Macron tries to divide rail workers with debt relief offer. French government rattled two months into rolling strikes: here.
From daily The Morning Star in Britain:
Saturday, May 26, 2018
France’s railway workers should stay strong – victory in this dispute matters to all of us
FRANCE’S rail workers have rattled their government — with Prime Minister Edouard Philippe’s offer to absorb most of the state railway (SNCF’s) debt an obvious bid to divide the workforce two months into rolling strike action.
The French PM appears to have struck a chord with some [right-wing] trade union leaders, with Unsa’s Roger Dillenseger saying it showed the value of talks.
But that won’t sit well with the 95 per cent vote by railway staff who voted earlier this week against President Emmanuel Macron’s reform plans, and the bolder approach of the CGT union should be an inspiration to trade unionists everywhere.
Macron’s attack on the terms and conditions of railway workers, part of preparation for SNCF to compete with private operators in line with the requirements of the EU’s Fourth Railway Package, is a bellwether dispute whose outcome will have repercussions beyond France.
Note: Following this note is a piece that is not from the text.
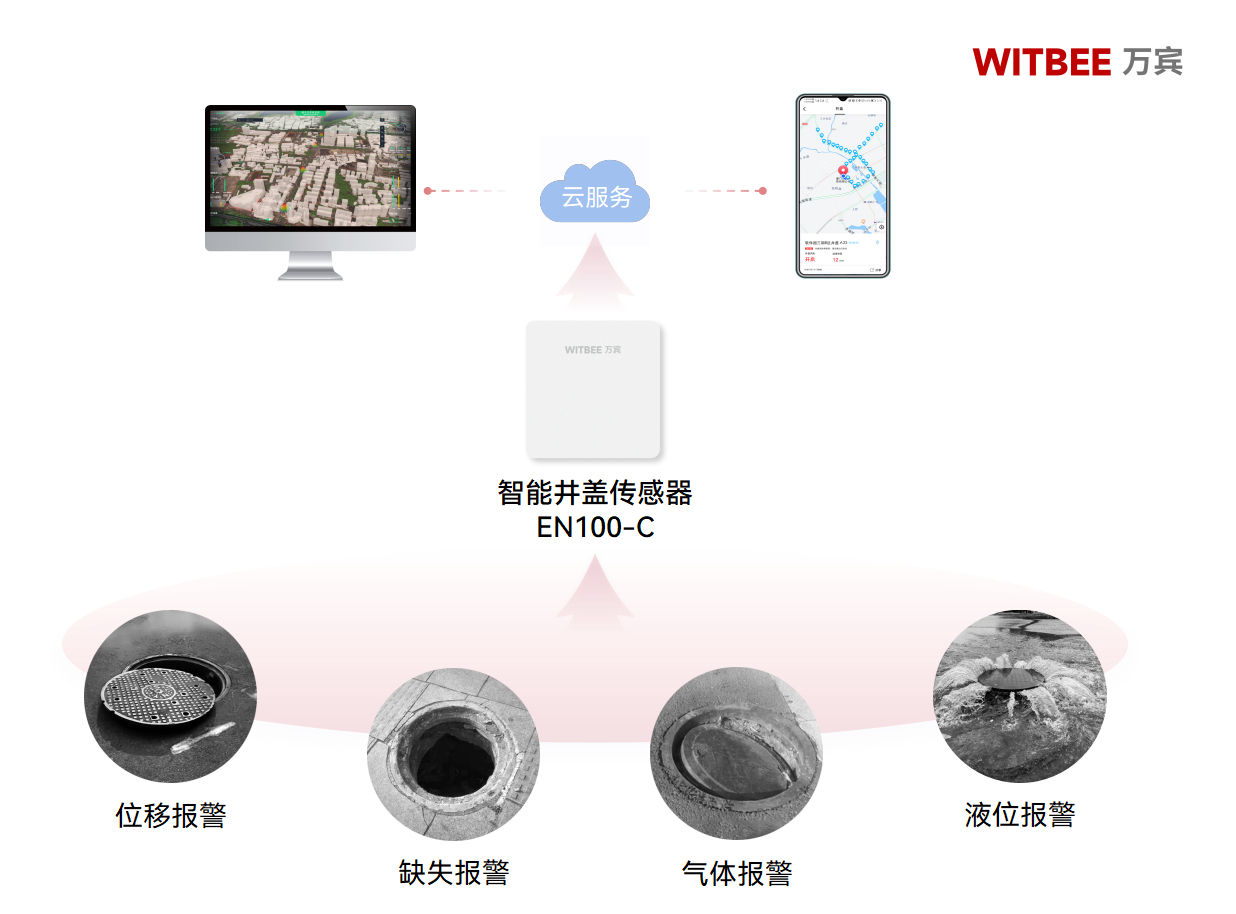 智慧監管，讓城市井蓋管理“耳聰目明”(圖2)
The president’s admirers have compared it to the miners’ strike. And the fact his fans see Thatcher’s war on the miners, which crippled an industry, devastated communities, ruined lives and created a national dependence on imported fuel that continues to this day, as something worth celebrating tells you everything you need to know about the Macron project.
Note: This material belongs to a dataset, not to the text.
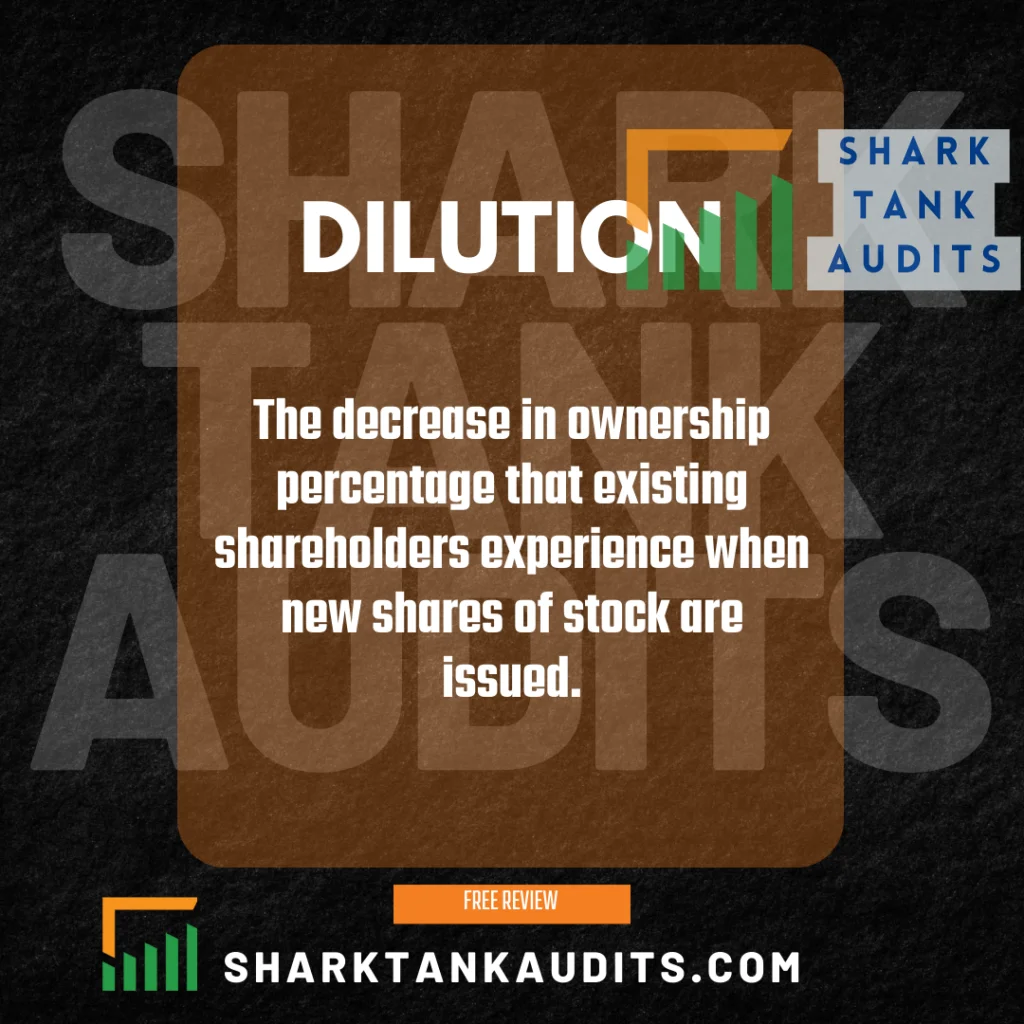 What is Dilution?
The debt relief offer is frankly irrelevant. For one thing, the government had already said it would take on much of SNCF’s debt as part of its liberalisation package.
The debt itself is bandied about in a misleading manner, as if it is an indication of the state railway’s inefficiency. Actually it largely derives from investment in building France’s state-of-the-art high-speed railway network, and as projects like HS2 over here show serious infrastructure development requires public investment, whether or not railway travel has been privatised.
The transfer of debt from a publicly owned company to the public itself is at best an accounting trick. At worst, it’s an indication that Macron’s long-term plan is to privatise SNCF — something he has always strenuously denied. But it’s hard to see debt relief as a sweetener for anyone other than potential privateers who hope to profit from the service one day.
It doesn’t change the main thrust of the reforms a bit. And the problem, as the CGT points out, is the plan to open up rail travel to tender in the first place.
British passengers and rail workers know all too well what the results of the EU’s railway privatisation drive will be, since dire service, cost-cutting, underinvestment and absurd ticket prices are for us a daily reality.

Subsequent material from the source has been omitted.